Kleine und kleinste Ursachen beziehungsweise Unterschiede bei den Anfangsbedingungen in rückgekoppelten Systemen erzeugen größte Wirkungen und unvorhersehbare Abweichungen. Auf die Frage: "Wie stabil ist unser Sonnensystem?" gab es grundsätzlich keine Antwort. Erst mit Hilfe des Computers und dessen riesigen Kapazitäten zur Datenverarbeitung gelang es, die für de Verlauf der drei unterschiedlichenHimmelskörperbahnen notwendigen Differentialgleichungen zu berechnen. Die Ergebnisse zeigten, daß chaotisches Verhalten dennoch differenziert geordneten Mustern folgt, die man auch Attraktoren nennt.
Diese Attraktoren beschreiben die Systemzusände, auf die sich das Gesamtsystem einschwingt.
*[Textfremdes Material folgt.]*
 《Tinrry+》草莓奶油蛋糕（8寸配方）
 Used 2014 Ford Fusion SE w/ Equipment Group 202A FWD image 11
In der dynamischen Systemforschung gibt es im wesentlichen vier Attraktoren: den Fixpunkt, den Grenzzyklus, den Torus und den seltsamen (chaotischen) Attraktor.
Der Lorenz-Attraktor veranschaulicht, warum schon mittelfristige Wettervorhersagen unmöglich sind: Innerhalb der "Wolke der Ungewissheit" verliert sich der vorhersagbare Verlauf des Wetters nach kurzer Zeit - es liegt dann buchstäblich irgendwo auf dem Attraktor. Insgesamt allerdings entwickelt sich das Wetter somit niemals rein zufällig, sondern folgt wie andere chaotische Systeme dem Prinzip "lokal unvorhersagbar, global stabil".
Könnte man alle Anfangsbedingungen exakt bestimen, wäre auch - zumindes rein theoretisch - deterministisches Chaos bei Kenntnis seiner verhaltensbestimmenden Attraktoren vorhersagbar. Praktisch scheint das allerdings unmöglich, da aufgrund der physikalisch unaufhebbaren Unschärfen und Meßprobleme die anfänglichen Systemzustände niemals alle genau gemessen, berechnet oder wiederhergestellt werden können.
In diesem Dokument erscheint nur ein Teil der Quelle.